Sedangkan, Panyuwuhan adalah permintaan ketika seseorang memiliki harapan yang diungkapkan melalui hal-hal gaib. Ritualnya dilaksanakan malam Selasa dan Jumat Kliwon, hal ini juga ada kaitannya dengan mitos Mbah Bregas yang konon dipercaya sebagai perantara doa kepada Tuhan.
Keyakinan ini karena sosoknya dianggap sebagai hamba yang taat, sehingga ketika berdoa menyampaikan keinginan melalui Mbah Bregas akan terkabul. Waktu yang dianggap bagus untuk berziarah ke makam Mbah Bregas yaitu Maulud, Ruwah, dan Suro.
Mbah Bregas juga mengajarkan nilai-nilai luhur kepada warga Ngino tentang kebersamaan dan gotong royong yang diterapkan dalam kehidupan, termasuk penyelenggaraan upacara Bersih Desa.
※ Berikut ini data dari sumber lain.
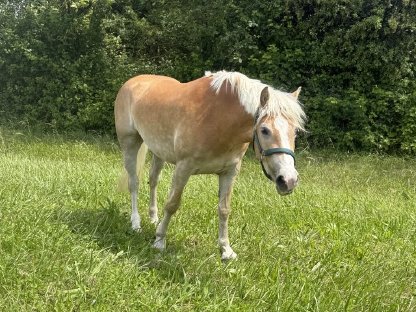 Bild 3:Haflingerstute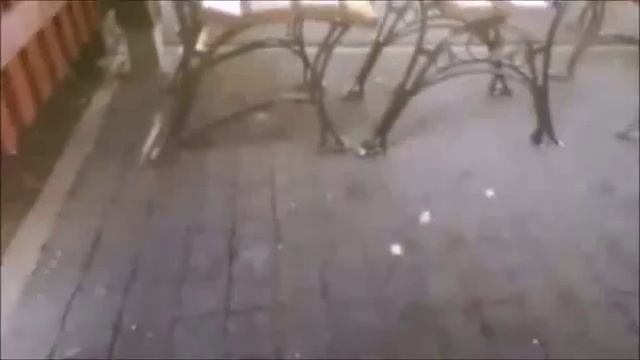 Wrobelki ZOO Zoo sparrows Воробьи Зоопарка смотреть онлайн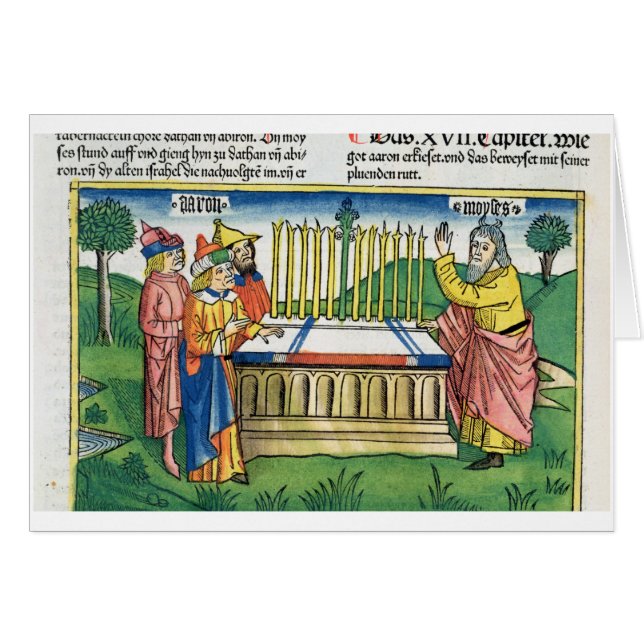 Numbers 17 1-11 Aaron's staff blooms on the altar, (Front Horizontal)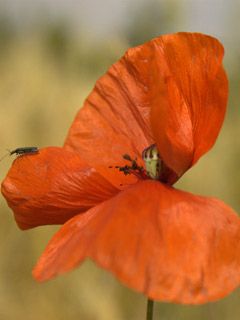 Papaver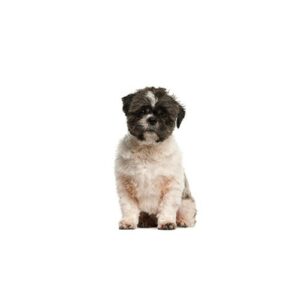 Pet City Houston Malti-Shi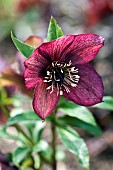 Helleborus Harvington Red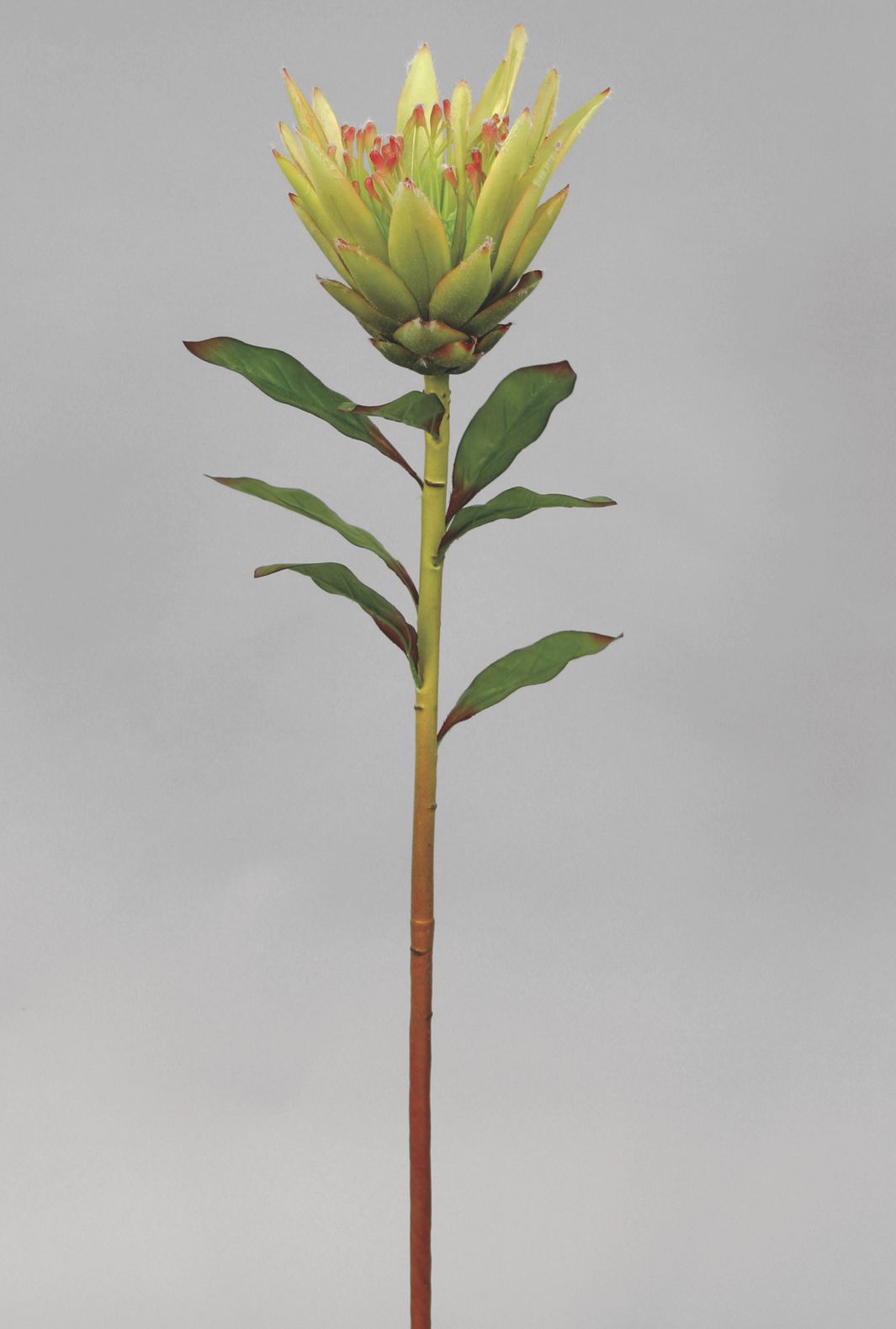 protea lime 
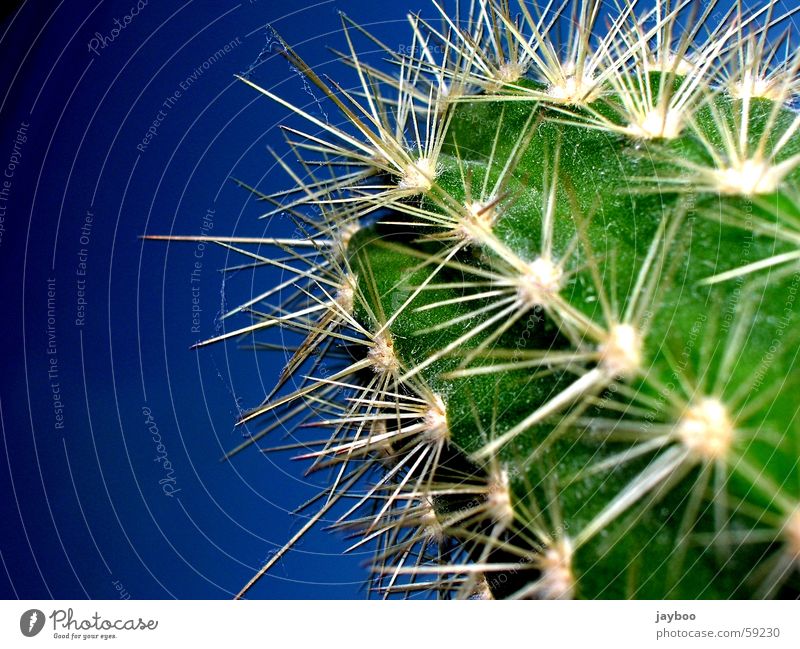 Scharf gestochen grün Kaktus groß frisch Außenaufnahme Makroaufnahme Nahaufnahme Sommer Wüste blau Himmel Stachel Spitze Scharfer Gegenstand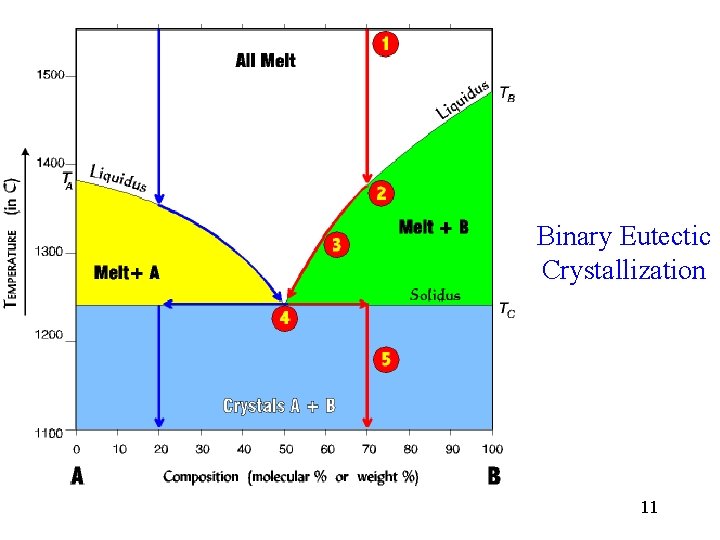 Binary Eutectic Crystallization 11 
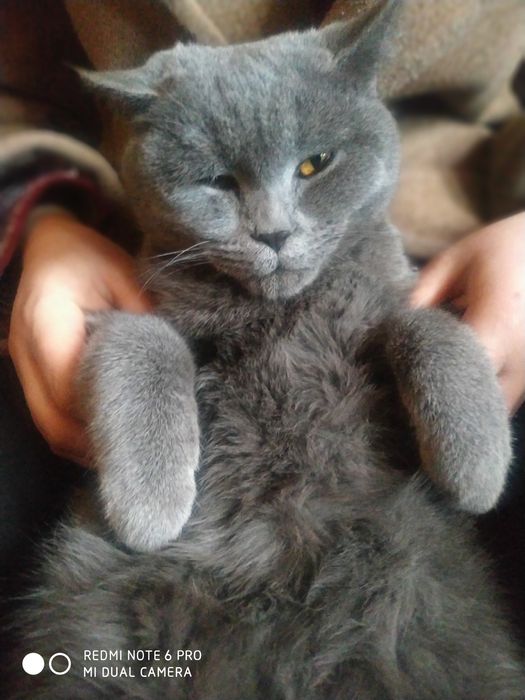 Отдам толка хорошим последний цена 55.00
Dilansir laman kebudayaan.slemankab.go.id, upacara ini dilakukan setelah masa panen sebagai ungkapan syukur dan penghormatan terhadap Mbah Bregas.
Mbah Bregas, sosok terhormat sekaligus figur yang mewariskan nilai-nilai luhur bagi masyarakat Dusun Ngino. Mitos-mitos yang berkembang sebagai bagian identitas budaya setempat. Tak hanya mengajarkan tradisi berkehidupan, tapi juga memperkokoh hubungan antarmasyarakat.